* Problem
Count every line below that holds "Street". Number only.

————————

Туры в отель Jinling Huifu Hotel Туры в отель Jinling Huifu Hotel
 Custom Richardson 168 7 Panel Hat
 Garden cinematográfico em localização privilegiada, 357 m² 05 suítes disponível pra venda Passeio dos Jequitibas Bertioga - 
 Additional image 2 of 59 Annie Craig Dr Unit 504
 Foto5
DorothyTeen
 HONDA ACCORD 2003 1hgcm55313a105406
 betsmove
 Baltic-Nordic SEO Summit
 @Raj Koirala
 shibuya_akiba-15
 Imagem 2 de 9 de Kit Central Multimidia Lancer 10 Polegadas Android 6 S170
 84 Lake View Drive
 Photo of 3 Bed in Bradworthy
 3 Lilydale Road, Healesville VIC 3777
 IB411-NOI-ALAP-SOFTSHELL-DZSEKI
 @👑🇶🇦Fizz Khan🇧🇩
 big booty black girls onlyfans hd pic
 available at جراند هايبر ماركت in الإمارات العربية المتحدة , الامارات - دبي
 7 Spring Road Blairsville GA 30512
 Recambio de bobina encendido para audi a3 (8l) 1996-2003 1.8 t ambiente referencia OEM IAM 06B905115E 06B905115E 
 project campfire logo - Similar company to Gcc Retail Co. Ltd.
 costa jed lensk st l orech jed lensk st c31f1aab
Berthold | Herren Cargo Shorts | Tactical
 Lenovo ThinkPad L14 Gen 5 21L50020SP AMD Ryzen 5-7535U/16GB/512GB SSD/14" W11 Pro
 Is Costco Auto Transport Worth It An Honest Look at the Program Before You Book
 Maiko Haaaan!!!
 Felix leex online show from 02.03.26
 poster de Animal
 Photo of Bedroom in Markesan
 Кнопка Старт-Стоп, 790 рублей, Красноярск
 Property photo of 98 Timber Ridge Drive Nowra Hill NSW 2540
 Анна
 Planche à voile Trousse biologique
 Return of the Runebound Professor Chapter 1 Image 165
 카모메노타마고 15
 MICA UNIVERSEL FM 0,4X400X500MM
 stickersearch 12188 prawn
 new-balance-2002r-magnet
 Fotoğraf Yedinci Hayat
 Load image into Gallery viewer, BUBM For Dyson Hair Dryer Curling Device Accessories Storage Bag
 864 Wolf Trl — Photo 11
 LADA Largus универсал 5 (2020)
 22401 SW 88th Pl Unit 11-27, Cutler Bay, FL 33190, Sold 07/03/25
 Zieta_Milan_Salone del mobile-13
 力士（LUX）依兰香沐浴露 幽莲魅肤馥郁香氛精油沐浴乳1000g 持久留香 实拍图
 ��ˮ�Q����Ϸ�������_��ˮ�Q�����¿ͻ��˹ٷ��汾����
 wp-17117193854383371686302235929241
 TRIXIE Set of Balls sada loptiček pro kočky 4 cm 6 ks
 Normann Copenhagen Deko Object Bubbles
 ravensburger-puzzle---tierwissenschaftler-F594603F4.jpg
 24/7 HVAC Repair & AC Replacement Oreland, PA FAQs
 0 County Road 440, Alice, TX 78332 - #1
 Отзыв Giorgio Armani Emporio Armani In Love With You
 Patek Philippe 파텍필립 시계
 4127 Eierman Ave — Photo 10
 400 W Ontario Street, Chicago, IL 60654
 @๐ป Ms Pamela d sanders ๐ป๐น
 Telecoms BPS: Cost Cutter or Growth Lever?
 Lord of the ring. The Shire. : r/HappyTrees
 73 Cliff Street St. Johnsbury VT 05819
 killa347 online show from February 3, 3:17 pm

————————

* Result of this exercise
2